Friday, July 20, 2012

SQUARE TOWER SEEN ROUND

Those who like optical illusions report that a common one is that square towers, such as a lighthouse, may appear from a distance to be round. The common judgment about this illusion is that the squareness is real while the distance involved causes the apparent roundness to be unreal.

Those who make this judgment are right in one way but quite wrong in another. When seen from a distance, the mind replaces the real "squareness" of the tower with a mental representation of "roundness" which is also real. The mental representation of "roundness" is just as real as any sensory representation would be. There exists no reason whatsoever to judge the sensory representation of "roundness" to be real, while judging the mental representation to be unreal. The mind can use the idea of "roundness" just as well as it can use the sensory representation of "roundness." For instance, if one is planning to build something round, then one must use the idea of "roundness" in order to make an effective plan. The usefulness of both sensory "roundness" and the idea of "roundness" proves that both are equally real. Only the bias of the empirical behaviorist's explanation of reality causes them to judge sensory perception to be real while judging mental representations to be unreal.
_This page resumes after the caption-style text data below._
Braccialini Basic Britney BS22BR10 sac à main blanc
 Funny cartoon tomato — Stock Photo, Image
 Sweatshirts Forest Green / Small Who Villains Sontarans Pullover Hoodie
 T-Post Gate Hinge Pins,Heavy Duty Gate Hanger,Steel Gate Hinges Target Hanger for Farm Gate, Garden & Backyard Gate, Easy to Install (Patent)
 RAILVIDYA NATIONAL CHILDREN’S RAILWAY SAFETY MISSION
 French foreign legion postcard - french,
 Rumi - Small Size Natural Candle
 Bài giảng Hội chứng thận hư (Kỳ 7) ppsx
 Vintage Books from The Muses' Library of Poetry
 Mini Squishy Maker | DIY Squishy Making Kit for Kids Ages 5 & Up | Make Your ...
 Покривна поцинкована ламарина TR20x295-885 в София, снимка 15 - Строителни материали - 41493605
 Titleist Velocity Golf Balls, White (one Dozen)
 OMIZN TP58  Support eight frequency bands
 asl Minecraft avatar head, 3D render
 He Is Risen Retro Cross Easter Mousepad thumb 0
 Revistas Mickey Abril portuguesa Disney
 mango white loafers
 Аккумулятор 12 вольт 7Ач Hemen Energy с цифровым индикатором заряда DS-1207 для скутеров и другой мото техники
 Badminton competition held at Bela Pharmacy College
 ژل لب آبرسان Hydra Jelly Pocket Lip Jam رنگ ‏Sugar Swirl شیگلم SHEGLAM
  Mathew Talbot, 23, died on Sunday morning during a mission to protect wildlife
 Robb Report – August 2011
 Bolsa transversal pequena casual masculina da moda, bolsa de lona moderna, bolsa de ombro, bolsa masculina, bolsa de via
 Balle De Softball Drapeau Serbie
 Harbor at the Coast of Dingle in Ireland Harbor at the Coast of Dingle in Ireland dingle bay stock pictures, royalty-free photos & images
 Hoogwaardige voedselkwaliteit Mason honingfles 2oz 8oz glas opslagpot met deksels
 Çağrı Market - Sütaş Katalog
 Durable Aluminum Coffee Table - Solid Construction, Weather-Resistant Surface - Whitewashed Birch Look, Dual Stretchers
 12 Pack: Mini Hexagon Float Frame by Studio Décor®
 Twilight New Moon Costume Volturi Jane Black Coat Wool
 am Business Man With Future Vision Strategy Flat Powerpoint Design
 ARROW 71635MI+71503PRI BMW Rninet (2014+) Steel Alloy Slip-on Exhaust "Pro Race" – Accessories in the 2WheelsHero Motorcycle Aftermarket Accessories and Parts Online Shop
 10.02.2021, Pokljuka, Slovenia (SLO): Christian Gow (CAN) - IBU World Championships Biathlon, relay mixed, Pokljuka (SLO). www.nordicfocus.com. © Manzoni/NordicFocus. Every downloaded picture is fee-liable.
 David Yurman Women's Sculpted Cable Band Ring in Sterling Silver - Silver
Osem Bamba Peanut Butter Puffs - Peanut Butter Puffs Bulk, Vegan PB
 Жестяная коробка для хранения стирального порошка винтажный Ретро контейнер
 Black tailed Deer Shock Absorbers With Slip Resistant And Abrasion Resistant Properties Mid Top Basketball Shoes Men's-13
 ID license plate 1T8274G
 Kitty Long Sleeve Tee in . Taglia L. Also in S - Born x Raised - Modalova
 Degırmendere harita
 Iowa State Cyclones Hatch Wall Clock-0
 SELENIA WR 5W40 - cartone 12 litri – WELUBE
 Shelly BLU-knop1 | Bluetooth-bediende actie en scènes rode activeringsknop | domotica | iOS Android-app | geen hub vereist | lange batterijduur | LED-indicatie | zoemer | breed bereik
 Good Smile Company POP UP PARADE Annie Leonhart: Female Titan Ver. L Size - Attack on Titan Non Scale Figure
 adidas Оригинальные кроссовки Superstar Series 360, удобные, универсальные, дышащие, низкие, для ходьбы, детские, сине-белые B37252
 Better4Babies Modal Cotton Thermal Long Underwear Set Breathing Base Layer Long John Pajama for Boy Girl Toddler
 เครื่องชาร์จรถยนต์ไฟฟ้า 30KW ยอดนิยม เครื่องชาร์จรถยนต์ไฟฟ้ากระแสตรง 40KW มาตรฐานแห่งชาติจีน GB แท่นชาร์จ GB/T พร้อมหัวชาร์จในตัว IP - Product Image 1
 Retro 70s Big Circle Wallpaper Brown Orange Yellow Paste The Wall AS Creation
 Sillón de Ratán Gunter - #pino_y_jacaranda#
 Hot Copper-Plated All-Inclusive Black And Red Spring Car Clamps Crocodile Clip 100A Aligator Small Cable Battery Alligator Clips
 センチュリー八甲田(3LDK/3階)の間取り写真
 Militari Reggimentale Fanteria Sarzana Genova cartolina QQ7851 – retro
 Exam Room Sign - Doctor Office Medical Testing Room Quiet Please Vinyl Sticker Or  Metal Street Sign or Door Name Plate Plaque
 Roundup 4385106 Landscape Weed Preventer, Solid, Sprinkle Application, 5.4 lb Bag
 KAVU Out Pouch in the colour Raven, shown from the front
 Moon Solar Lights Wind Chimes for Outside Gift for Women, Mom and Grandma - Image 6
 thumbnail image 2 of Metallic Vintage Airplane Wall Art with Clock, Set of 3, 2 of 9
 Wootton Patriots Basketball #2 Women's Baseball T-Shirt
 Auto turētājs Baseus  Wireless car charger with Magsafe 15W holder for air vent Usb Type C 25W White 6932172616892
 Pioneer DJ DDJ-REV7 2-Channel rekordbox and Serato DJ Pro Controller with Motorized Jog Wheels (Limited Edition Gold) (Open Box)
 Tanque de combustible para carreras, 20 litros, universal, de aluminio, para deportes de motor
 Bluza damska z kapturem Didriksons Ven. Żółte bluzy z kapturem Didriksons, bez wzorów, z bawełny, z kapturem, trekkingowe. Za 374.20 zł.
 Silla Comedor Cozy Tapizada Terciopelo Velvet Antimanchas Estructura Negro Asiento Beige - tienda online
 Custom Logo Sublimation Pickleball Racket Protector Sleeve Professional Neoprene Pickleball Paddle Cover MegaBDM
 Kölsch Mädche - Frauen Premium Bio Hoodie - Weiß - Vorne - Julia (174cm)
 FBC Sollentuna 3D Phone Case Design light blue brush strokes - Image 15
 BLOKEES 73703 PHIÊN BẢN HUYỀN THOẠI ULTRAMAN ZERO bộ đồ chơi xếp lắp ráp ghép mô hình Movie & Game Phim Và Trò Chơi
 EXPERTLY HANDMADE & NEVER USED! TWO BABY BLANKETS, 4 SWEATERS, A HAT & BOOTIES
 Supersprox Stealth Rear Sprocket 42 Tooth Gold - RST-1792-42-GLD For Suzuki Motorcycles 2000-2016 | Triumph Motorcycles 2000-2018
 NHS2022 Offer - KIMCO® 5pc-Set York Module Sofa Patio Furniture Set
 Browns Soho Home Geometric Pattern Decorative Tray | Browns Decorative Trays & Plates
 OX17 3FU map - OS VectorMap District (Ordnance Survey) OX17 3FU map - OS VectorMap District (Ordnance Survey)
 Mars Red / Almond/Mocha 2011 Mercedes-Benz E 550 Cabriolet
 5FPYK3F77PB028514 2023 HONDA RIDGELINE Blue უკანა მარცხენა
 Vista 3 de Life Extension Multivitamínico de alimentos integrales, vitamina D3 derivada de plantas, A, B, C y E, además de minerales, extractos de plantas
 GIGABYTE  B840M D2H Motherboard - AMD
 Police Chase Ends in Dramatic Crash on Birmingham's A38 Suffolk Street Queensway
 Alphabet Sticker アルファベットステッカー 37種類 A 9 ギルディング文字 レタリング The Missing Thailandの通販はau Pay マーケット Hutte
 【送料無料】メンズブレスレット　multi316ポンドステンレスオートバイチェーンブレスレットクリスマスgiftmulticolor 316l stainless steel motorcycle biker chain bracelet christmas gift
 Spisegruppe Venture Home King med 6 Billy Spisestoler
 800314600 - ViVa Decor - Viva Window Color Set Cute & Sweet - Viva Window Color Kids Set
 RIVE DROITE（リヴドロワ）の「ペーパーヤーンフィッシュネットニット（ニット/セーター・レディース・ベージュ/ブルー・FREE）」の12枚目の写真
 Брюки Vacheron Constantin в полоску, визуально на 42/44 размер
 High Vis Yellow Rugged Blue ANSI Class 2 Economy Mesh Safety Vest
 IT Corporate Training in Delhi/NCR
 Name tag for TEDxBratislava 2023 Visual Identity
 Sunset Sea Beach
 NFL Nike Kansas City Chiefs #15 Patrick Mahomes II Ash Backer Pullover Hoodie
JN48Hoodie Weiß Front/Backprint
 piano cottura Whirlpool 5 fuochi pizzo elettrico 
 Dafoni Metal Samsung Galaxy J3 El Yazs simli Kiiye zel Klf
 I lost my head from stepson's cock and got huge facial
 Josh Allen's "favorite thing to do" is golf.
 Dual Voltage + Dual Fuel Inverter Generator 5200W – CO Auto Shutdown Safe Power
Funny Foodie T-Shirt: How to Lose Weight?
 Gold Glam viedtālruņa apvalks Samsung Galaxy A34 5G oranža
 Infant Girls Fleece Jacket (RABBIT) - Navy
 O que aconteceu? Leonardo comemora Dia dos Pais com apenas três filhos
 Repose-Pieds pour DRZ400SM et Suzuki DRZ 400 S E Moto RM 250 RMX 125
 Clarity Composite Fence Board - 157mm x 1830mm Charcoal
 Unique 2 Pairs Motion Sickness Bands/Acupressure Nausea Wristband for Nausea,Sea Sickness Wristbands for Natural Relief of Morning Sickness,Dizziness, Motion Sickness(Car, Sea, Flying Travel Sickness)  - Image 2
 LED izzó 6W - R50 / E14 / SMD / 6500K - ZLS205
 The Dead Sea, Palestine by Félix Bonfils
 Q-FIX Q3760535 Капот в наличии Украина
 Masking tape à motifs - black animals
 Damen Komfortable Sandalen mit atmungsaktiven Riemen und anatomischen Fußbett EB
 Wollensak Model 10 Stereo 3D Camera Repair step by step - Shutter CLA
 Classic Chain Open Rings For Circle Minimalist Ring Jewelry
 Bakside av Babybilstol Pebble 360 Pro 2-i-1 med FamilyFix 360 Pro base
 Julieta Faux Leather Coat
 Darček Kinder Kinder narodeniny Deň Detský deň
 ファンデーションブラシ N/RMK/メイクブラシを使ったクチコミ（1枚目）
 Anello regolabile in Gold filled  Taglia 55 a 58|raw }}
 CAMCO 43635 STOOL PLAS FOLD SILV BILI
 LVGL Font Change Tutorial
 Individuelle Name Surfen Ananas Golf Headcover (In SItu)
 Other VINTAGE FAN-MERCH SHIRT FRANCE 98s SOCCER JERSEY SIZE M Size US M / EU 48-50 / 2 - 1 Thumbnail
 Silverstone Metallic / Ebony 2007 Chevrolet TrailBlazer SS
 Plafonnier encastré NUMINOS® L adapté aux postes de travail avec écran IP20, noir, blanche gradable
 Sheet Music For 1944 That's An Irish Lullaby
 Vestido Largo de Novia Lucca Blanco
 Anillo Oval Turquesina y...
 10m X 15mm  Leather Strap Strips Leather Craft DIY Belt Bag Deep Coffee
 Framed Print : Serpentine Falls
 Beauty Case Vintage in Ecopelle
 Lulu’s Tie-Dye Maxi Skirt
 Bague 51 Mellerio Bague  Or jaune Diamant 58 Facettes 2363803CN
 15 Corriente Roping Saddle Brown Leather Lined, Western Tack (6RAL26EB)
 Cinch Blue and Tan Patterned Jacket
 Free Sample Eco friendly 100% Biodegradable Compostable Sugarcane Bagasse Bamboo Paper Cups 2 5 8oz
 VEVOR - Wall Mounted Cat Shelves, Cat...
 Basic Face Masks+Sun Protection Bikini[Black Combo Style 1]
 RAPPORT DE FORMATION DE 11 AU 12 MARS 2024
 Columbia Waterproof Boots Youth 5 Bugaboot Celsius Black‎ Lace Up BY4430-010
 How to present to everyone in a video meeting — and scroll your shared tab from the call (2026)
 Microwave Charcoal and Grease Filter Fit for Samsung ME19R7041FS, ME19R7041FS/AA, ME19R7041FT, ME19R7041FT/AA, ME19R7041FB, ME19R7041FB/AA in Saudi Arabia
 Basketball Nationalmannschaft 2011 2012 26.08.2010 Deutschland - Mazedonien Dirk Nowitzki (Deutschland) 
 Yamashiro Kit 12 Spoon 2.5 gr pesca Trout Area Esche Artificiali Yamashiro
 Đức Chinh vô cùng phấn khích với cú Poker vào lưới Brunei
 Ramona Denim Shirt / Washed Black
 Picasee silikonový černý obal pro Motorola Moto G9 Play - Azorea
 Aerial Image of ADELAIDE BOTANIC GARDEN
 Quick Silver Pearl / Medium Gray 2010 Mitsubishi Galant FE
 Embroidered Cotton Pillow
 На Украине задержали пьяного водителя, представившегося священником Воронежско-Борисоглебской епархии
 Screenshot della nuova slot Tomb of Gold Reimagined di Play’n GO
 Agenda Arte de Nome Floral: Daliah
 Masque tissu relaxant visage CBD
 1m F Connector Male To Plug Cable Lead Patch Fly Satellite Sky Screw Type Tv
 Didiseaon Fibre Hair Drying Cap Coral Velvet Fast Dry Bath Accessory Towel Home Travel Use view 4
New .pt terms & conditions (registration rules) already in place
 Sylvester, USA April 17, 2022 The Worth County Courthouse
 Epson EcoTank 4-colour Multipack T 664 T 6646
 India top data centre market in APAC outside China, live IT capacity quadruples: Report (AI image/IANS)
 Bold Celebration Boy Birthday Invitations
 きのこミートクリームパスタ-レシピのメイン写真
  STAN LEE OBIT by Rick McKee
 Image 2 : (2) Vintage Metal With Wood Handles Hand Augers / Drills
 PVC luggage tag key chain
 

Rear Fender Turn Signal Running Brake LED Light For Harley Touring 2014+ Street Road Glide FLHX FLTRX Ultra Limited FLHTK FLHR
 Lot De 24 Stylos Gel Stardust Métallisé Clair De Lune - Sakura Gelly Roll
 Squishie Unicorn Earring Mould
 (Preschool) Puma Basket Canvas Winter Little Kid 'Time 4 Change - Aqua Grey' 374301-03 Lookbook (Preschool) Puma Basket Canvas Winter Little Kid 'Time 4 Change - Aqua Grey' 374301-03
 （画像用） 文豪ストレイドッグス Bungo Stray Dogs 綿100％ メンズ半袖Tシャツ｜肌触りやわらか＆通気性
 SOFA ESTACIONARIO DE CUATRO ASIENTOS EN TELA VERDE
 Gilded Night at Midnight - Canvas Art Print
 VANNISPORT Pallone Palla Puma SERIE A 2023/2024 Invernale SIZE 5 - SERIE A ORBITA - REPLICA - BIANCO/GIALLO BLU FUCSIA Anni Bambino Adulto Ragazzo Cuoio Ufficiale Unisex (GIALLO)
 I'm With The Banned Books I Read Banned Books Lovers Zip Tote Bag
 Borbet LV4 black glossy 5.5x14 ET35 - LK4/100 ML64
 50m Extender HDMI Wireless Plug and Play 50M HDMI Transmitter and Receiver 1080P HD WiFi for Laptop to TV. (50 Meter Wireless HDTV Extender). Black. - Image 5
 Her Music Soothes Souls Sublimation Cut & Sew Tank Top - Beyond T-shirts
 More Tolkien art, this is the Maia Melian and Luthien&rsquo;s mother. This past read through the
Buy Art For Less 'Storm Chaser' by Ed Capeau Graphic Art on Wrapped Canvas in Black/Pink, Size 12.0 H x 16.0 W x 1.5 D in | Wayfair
Therefore, one who sees a square tower as being round from a distance sees nothing that is not real. "Roundness" and "tower" and "distance" are all real. Yet, one senses that there is something unreal about this view because, after all, the tower is really square. There is something unreal about this optical illusion, but this unreality does not adhere to that which the mind sees, but to that which it does not see.

The mind sees "nothing that is not real." The unreality of the optical illusion does not adhere to "roundness" or "tower" or "distance," but to the false combination of these real elements. What does the mind see in this falsity? Why, it sees nothing, nothing at all. The falsity of the false combination equals nothingness.

This is what we mean when we say that anything is "not real." We mean that its unreality equals nothingness.

Yet, when we think about it, we realize that this idea of nothing must itself be real because we can use it to identify falsity that is not real. But if the "idea of nothing" and "falsity" are equivalent and useful, and therefore, real, then where is the unreality? The simple answer is that it can be found nowhere. "Nothingness" is real and "reality" is real, but unreality non-exists nowhere and at no time. Unreality non-exists as an absolute nothingness. We can only get a sense of it by using the idea of nothing.

All of this must mean that all that appears to our minds, whether mental or material, must be real exactly as it appears to us. First, because all of it is useful; and second, because even if all that we observe were a distortion of something not observed, this unseen something can only be unreal and useless to us while all that we observe can be our only reality because that is all we have to work with.

From all this, we can only conclude that all false appearances; whether they be mistakes, misjudgments, misidentifications, illusions. hallucinations or dreams, can be quite literally nothing but real elements in false combinations, and that this nothingness can only be a real idea that hides an unreality that we never observe.